- Baden
- Coordinates: 42°25′20″S 147°28′43″E﻿ / ﻿42.4222°S 147.4786°E
- Population: 36 (2016 census)
- Postcode(s): 7120
- Location: 21 km (13 mi) SE of Oatlands
- LGA(s): Southern Midlands
- Region: Central
- State electorate(s): Lyons
- Federal division(s): Lyons
Localities around Baden:
| Mount Seymour | Mount Seymour | Mount Seymour |
| Stonor | Baden | Whitefoord |
| Tunnack | Tunnack | Tunnack |

= Baden, Tasmania =

Baden is a rural locality in the local government area of Southern Midlands in the Central region of Tasmania. It is located about 21 km south-east of the town of Oatlands.
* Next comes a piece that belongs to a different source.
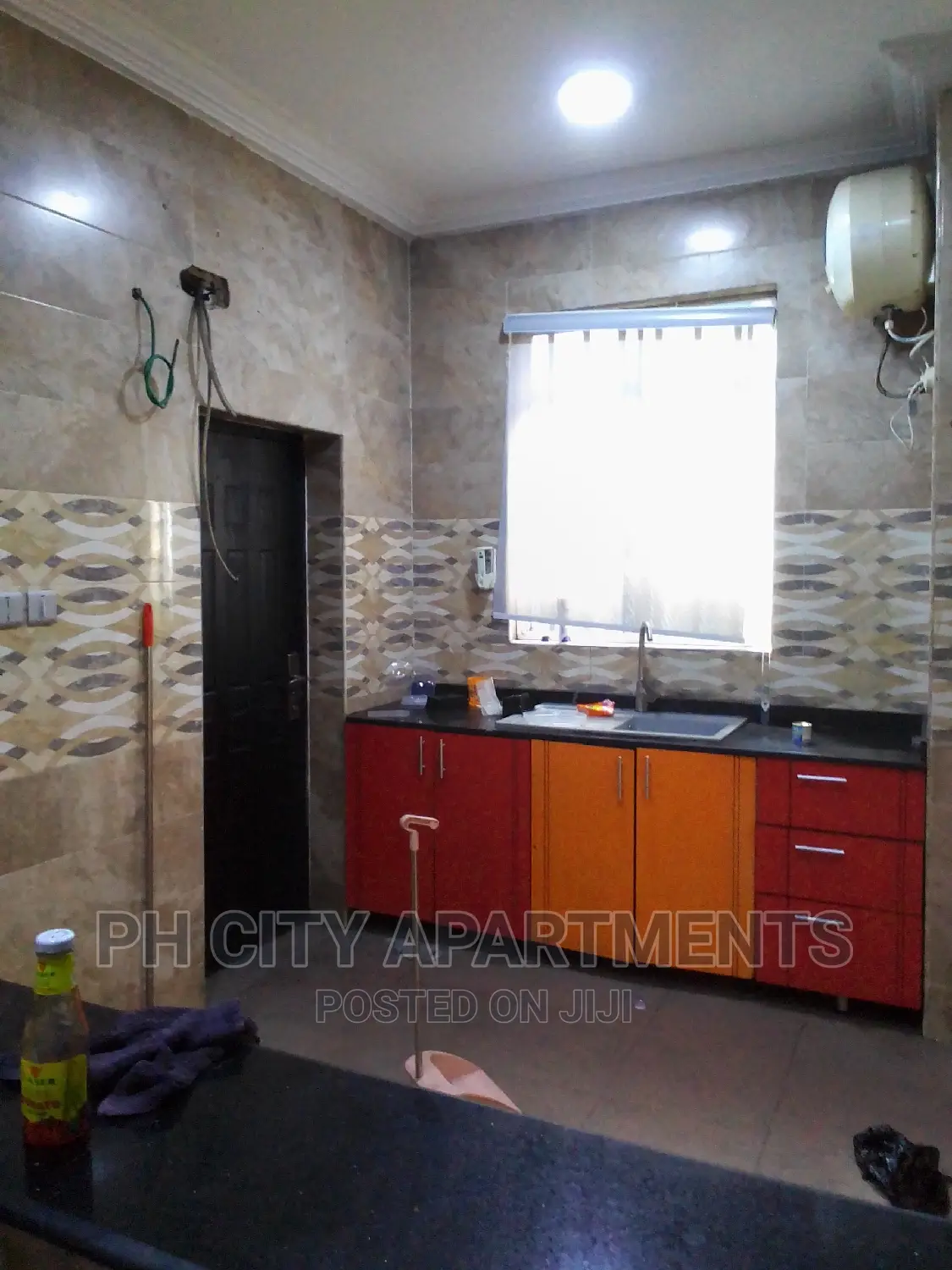 2bdrm Block of Flats in Agip Estate, Port-Harcourt for rent in Port-Harcourt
The 2016 census determined a population of 36 for the state suburb of Baden.

==History==
Baden was gazetted as a locality in 1968. The locality was named for Lord Baden Powell, in honour of three local men who served under him in the Boer War.

==Geography==
The Coal River forms parts of the southern boundary.

==Road infrastructure==
The C312 route (Tunnack Road) enters from the north-west and runs through to the south, where it exits. Route C314 (Stonor Road) starts at an intersection with C312 and runs west until it exits. Route C310 (Woodsdale Road) starts at an intersection with C312 and runs north-east until it exits.